And just the whole idea that it's actually real and I am (by this fall) a senior and this is my last year as a 'kid'... being able to rely on my parents for stuff and all that. I mean, this past year has gone by so quickly, and I am so not ready for all this. I mean, I'm not sure I trust myself (actually, I'm quite sure I don't trust myself) to be in charge and in control of all this.
By Saturday evening I was feeling so much better after I remembered that, oh yeah, God is in control of my life, not me. And who cares if I don't have a clue what I'm going to do, He does (see Jer. 29:11). And yes, I am still slightly (maybe more than slightly) freaked out, but I'm just going to totally rely on God and follow His guidance, and it should end up pretty good.

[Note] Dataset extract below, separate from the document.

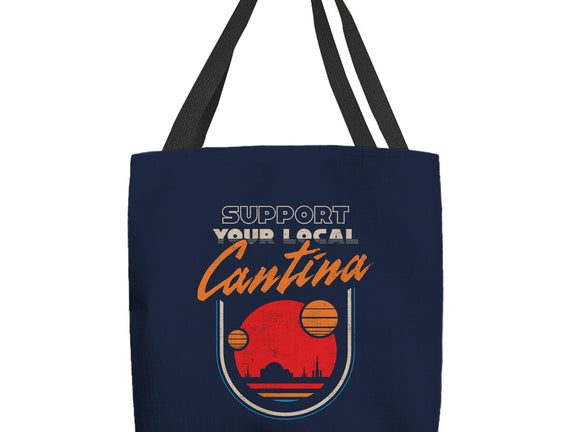 Support Your Local Cantina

As a result of all this, I've been thinking a lot about what I'm going to do next year. I mean, there are so many options... too many to even start listing. But I think I have maybe the tiniest bit of a clue what I shoul do next. At this point I do really want to go to college, and even a step further, I know I want to go to the Moody Bible Institute. I've also known (I mean since like 7th grade) that's where I would go if I do go. Of course, what I want to study there, I have no clue. Well, I've got it narrowed down to like four degrees (hah, and I know things change. I'll probably look back on this sometime and laugh). I'm thinking communications, missions, elementary education (teaching), or youth ministry.
To make things even more difficult, there is absolutely no where in the state of Oklahoma where you can take a national SAT. How lame is that? What test have I always been told I should take, have a studied for and practiced taking? The SAT. Apparently you can only take the ACT in Oklahoma. Of course, Moody accepts both, so it's not that big of a deal, but I've always just expected to take the SAT. So it's sort of a bummer. And if I wanted to take the ACT, I really should have taken it in June because the next test isn't til October. That will still work because I don't have to apply to Moody until after Christmas, but it would have been nice to have a little more wiggle room then that.
The nice thing is, if I want to take some classes at NOC (and I think I do), I have to take the ACT for them, so I'll be able to get familiar with it before October. I'm registered to take it July 12th (two days after I get back from Panama, whee) and I can't sign up for classes there until after I take the test. And enrollment started in June, so who knows if I will even be able to get the classes I want. But I hope I can; it's not like it's a big college or anything.
Heh, I'm sorry if you read all of that, pretty boring stuff, but I had to get it out somewhere. I'm trying not to worry about it, because it is in God's hands, but you do have to give this stuff some thought. So hopefully I'm thinking correctly. Honestly, I so don't feel ready to do this, and I would give anything to be able to rewind and go back to junior high or kindergarten or something. But here I am; I'll be eighteen in eight months, graduating next spring. I have to pray alot to keep that from freaking me out too much.
What I need to do right now is focus on this trip, and let my schooling wait til after I get back. And keep thinking of my sweet Jesus and His love for me. That helps alot.
Pray for me please, and mostly for my trip to Panama. I leave in a week! I am so psyched and ready to go.